In this dissertation we develop a numerical approach that is applicable to the investigation of different few-body quantum systems in states close to a threshold of dissociation. These systems are extremely loosely bound and require advanced numerical techniques for accurate investigation. Our results are corroborated by analytical estimates.

For high-precision direct three- and four-particle calculations we use the stochastic variational method. This method has proven its effectiveness for a variety of few-body quantum problems. We use it to compute near-threshold states and calculate binding energies for different values of the system parameters.

With this approach we systematically study the energy stability thresholds for the general quantum three-particle problem where two particles are identical. We use both short range and long range interactions and investigate a wide spectrum of mass ratios.

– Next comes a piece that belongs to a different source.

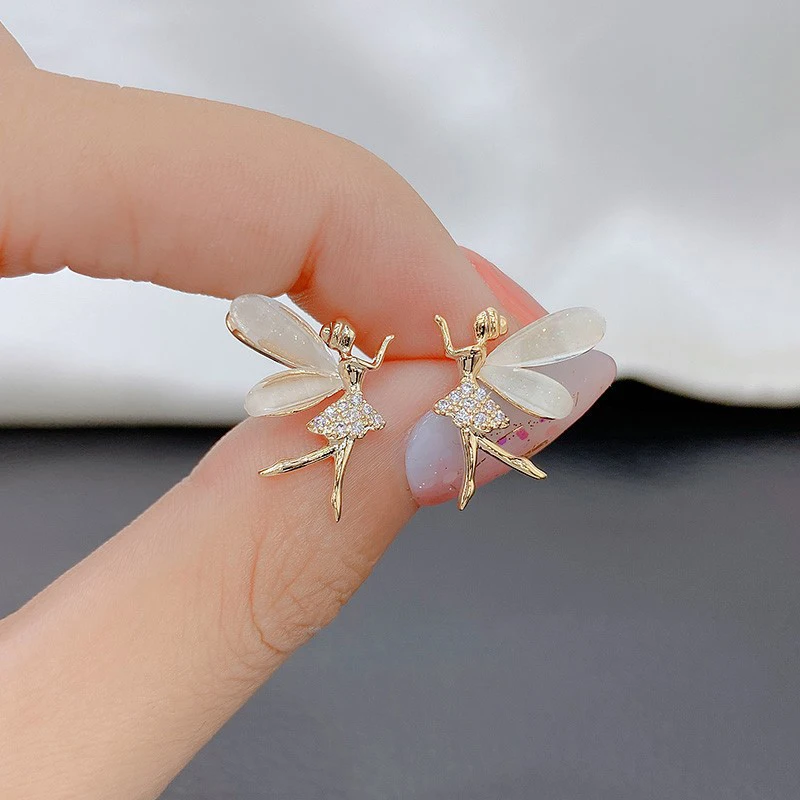 1Pair Fashion Cute Flower Wings Elf Stud Earring For Women Girls Design Zircon Fairy Exquisite Earring Jewelry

Our main results were presented in a form of stability diagrams that show domains, in parameter space, where the system is stable in a particular state. We use the stability diagrams of different three-particle systems with short-range and Coulomb interactions to take a new look at such well-known near-threshold effects as the Efimov effect and the Thomas effect. We also reveal a number of new effects in the behavior of the three-particle stability thresholds.

We make a thorough analysis of the dependency of the stability thresholds on the masses of the particles and on the properties of the short-range interaction. We do so for different symmetries of the states. Analytical estimates are used to confirm the asymptotic behavior of threshold lines.

Our numerical approach is extended to three-particle systems with non-zero total angular momentum and to four-particle systems. Though a systematic investigation of their near-threshold behavior is a subject of future research, some results for such systems were presented in the context of this dissertation. Specifically, we are going to study the possible existence of bound multi-neutron systems, which are expected to be extremely loosely bound if they exist at all.